Liquid molecular Velocity Distribution

[AdamPhysics]

Does Maxwell Boltzmann hold for liquids? In the case of gases it does quite well for calculating the velocity distribution given a temperature. However, when the molecules are closer together in the case of liquids, how do the van der waals force and others effect the velocity distribution.

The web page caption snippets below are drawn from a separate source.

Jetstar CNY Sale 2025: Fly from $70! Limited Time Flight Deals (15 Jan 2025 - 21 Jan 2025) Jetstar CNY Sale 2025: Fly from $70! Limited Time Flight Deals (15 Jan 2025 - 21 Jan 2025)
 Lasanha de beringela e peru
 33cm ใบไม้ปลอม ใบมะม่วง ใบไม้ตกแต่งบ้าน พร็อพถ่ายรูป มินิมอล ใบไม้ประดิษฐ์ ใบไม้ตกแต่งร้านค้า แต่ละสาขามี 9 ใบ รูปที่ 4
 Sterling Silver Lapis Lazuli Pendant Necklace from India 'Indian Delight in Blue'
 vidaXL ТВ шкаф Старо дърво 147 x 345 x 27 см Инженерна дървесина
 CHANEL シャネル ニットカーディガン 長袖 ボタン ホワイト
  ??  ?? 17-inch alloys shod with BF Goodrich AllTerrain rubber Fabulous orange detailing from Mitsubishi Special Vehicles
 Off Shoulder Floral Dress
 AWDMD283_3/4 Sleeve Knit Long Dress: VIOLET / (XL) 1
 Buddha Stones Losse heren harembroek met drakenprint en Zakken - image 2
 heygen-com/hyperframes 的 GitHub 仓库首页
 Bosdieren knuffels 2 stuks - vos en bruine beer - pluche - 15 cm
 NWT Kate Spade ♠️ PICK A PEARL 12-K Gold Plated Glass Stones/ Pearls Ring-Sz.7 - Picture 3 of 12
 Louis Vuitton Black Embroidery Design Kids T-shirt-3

What are the limitations on the maxwell distribution? What can be done for the case of liquid water? liquid benzene, toluene?

Thanks in advance.

 

[Andy Resnick]

The Maxwell distribution holds for non-interacting particles, like a gas. As you point out, there are intermolecular forces in liquids (and solids). I don't know how much progress has been made. I suspect more work has been done on weakly interacting molecules- which is not water. What I have seen in liquids are things like "pair distribution functions" to describe the structure of a liquid, but nothing intuitive or satisfying.

 

[AdamPhysics]

Thanks, for the help. I have done an extensive search and nothing seems to be out there on calculating the liquid interactions.

Found this publication from 1946

Proceedings of the Royal Society of London. Series A, Containing Papers of a mathematical and Physical Character
Vol. 188
Issue 1012
December 1946
Pages 10-18

Author: M. Born and H.S. Green
Title: A General Kinetic Theory of Liquids. 1. The Molecular Distribution Functions

 

[FireBones]

The molecular velocity distribution for a liquid should be (roughly) approximated by m^3v^5/(kT)^3 * EXP [-mv^2/kT]

The energy distribution is a lot "prettier" optically:
4E^2/(kT)^3 * EXP [-2E/kT]

Not sure if it satisfies your needs or not. This is not as accurate as the m-b distribution is for gases.

 

[FireBones]

The energy distribution is a lot "prettier" optically:
4E^2/(kT)^3 * EXP [-2E/kT]

Oops, when I translated into energy I made an error...and after rectifying it, it no longer looked particularly clean...so just ignore that half.